I’d lock myself away in my room for days, waking up every morning with no purpose, just waiting to fall asleep again so I wouldn’t have to face my reality. Sometimes, I would watch my sisters leaving for school and think ‘they have more of a reason to wake up in the morning than me’. I envied that they had the strength to get up and do something with their lives.
The thought of ending it all often forcefully came into my mind, to the point that I’d plan different methods of how to carry it out. I started self-harming to try and relieve my suffering. I know it doesn’t make sense but in my mind, it was as though the physical pain could make the emotional ache more tolerable. It may sound strange but that’s how lost I felt. This was my life for about five to six years.
I heard people sharing their testimonies of how their lives had transformed at the Universal Church but I couldn’t understand why mine was still the same. I was haunted by an event that ruined my life and was desperate for some guidance. I wanted to work through the trauma and come out the other side stronger and happier.
The turning point for me was following a Night Vigil I attended at the Universal Church. That night, I asked myself, ‘How long will you keep on suffering in silence?’ The first step was for me to be open to receive help. What worked for me was prayer and being able to speak to someone.
The Spiritual Cleansing meetings on Fridays were where I learned how to fight against the negative thoughts that plagued me while the prayers were a way for me to rid myself of the negativity that tried to fill my mind. Each time I took part, I left feeling lighter. It was not an easy battle because some of those negative thoughts were deeply rooted inside of me. However, as I was determined not to be defined by the traumas of the past, I kept persisting. I had used so much strength being broken; now, I wanted to take that strength and use it to find contentment and happiness. Over time, I was able to let go of the horrific events from my past and overcome the deep sadness.

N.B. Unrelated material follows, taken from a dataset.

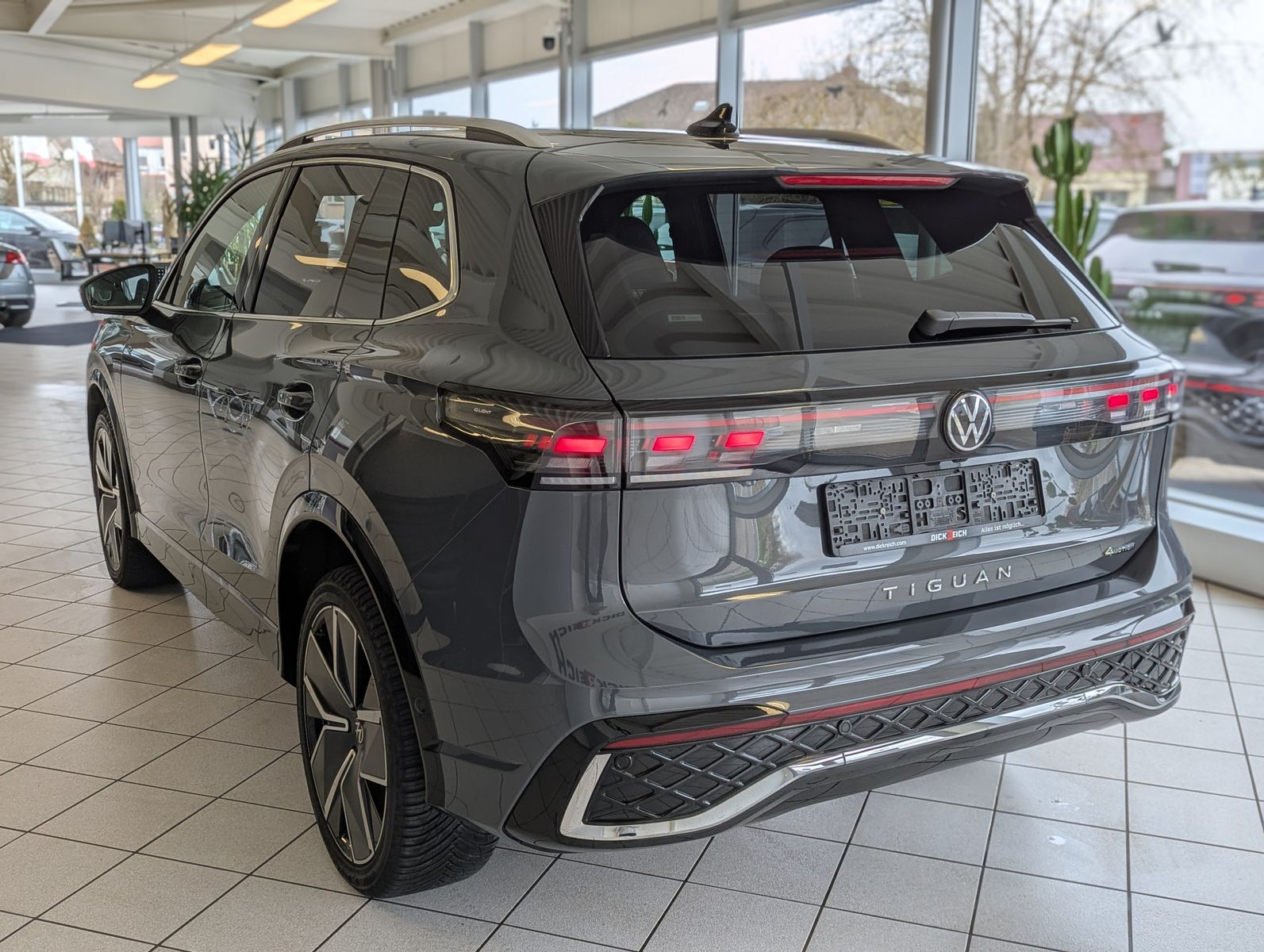 Imagen del vehículo Volkswagen Tiguan 2.0TDI R-Line 4M Pano Negro AHK Matrix 20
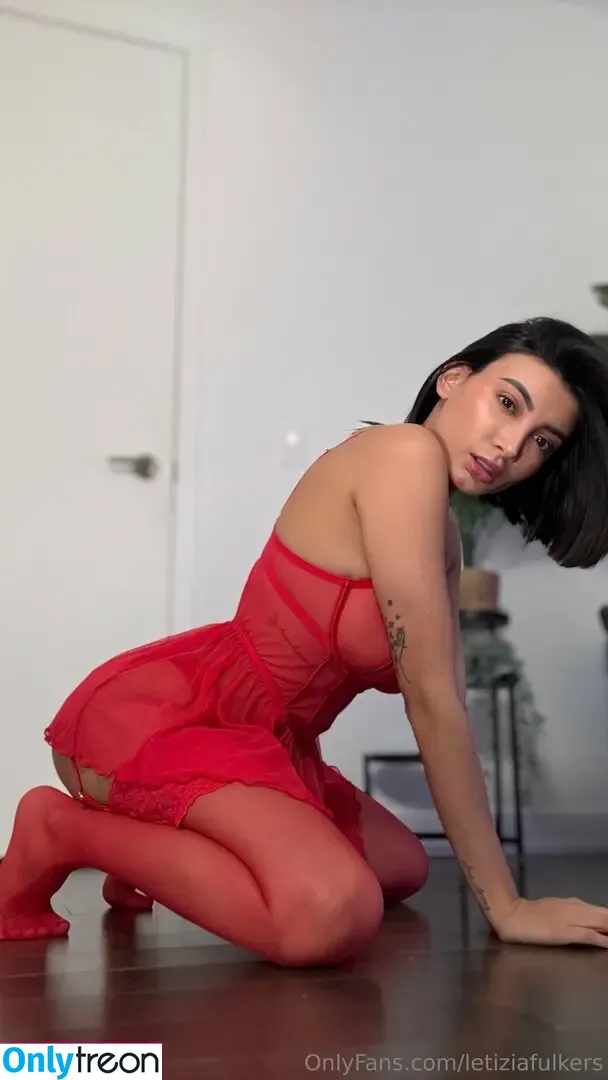 letiziafulkers nude photo #0050 (fulkers_letizia)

I started believing in myself and in God too. His presence in my life brought me a peace of mind that filled the emptiness I had—I can’t explain it. Now, none of my past problems affect me anymore.
I have a strong mind and a reason to wake up every morning. Even when problems arise, I don’t run away from them. I draw strength from my faith and can face my battles. Today I’m happy, the ‘colour’ has been restored in my life, and I finally have the peace I had been searching for.”